[Stored dataset items]

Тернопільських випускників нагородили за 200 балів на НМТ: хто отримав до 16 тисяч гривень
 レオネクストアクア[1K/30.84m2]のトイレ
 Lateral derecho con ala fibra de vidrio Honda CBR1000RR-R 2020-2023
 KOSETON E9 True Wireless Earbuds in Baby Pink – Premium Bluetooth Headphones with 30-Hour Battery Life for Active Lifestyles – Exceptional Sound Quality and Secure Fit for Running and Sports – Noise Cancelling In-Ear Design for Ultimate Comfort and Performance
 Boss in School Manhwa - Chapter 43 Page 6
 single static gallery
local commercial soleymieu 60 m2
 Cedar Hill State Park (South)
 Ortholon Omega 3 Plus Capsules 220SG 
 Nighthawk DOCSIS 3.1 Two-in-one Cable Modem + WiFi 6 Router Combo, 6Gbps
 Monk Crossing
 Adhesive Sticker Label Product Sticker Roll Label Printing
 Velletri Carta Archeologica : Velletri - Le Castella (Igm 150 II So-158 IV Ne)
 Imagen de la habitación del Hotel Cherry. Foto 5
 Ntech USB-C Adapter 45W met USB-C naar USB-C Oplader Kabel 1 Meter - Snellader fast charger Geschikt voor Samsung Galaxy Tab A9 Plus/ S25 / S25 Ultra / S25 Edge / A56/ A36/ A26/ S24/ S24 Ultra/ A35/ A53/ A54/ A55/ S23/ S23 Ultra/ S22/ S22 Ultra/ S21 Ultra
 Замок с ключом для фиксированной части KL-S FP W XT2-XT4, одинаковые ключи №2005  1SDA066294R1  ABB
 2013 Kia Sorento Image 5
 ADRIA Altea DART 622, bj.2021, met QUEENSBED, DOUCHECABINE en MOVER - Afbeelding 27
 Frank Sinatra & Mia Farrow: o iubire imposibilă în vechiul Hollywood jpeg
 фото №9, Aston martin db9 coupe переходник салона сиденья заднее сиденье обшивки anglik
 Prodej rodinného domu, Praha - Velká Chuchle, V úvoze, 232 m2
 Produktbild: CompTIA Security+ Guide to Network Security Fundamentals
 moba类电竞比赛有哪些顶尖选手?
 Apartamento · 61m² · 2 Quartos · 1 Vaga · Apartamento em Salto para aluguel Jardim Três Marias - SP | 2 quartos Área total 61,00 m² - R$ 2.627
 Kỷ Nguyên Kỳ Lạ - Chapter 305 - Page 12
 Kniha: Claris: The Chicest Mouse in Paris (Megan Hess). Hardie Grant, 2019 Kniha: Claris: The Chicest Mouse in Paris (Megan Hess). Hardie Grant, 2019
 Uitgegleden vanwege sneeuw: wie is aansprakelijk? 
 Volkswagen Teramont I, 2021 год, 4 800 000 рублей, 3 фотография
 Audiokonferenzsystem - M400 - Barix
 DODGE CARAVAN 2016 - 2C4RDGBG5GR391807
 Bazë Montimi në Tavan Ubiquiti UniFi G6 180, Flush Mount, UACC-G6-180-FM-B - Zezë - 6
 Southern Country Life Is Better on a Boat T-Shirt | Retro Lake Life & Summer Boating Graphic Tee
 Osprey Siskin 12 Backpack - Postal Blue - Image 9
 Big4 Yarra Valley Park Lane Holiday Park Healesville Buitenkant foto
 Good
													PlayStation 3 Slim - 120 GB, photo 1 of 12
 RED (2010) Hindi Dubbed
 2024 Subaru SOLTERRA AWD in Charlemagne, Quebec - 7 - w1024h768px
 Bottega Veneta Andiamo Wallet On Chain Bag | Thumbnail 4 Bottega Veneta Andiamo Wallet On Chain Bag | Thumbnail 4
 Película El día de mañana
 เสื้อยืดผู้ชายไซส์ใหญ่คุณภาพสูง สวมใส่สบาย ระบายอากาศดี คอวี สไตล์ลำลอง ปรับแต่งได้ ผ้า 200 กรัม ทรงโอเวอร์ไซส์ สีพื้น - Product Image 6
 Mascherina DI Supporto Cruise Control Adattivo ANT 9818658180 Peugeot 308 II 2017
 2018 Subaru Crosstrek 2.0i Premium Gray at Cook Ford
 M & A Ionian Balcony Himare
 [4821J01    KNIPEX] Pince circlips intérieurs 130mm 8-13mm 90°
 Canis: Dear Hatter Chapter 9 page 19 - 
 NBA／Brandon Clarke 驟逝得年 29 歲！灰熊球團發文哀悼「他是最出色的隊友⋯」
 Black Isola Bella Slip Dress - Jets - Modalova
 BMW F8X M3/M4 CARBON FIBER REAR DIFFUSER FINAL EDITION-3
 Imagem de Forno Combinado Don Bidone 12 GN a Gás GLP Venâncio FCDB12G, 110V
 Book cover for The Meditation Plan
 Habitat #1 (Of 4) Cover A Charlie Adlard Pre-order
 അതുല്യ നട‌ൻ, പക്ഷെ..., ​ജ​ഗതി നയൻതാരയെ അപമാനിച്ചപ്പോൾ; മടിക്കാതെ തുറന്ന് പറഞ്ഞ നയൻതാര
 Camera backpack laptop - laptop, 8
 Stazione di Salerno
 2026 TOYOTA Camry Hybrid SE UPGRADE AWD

- [Brief]: Your output should consist only of the lines from the one containing "Black Isola Bella" to the end of the records above, each retyped exactly.

- [Answer space]:
 Black Isola Bella Slip Dress - Jets - Modalova
 BMW F8X M3/M4 CARBON FIBER REAR DIFFUSER FINAL EDITION-3
 Imagem de Forno Combinado Don Bidone 12 GN a Gás GLP Venâncio FCDB12G, 110V
 Book cover for The Meditation Plan
 Habitat #1 (Of 4) Cover A Charlie Adlard Pre-order
 അതുല്യ നട‌ൻ, പക്ഷെ..., ​ജ​ഗതി നയൻതാരയെ അപമാനിച്ചപ്പോൾ; മടിക്കാതെ തുറന്ന് പറഞ്ഞ നയൻതാര
 Camera backpack laptop - laptop, 8
 Stazione di Salerno
 2026 TOYOTA Camry Hybrid SE UPGRADE AWD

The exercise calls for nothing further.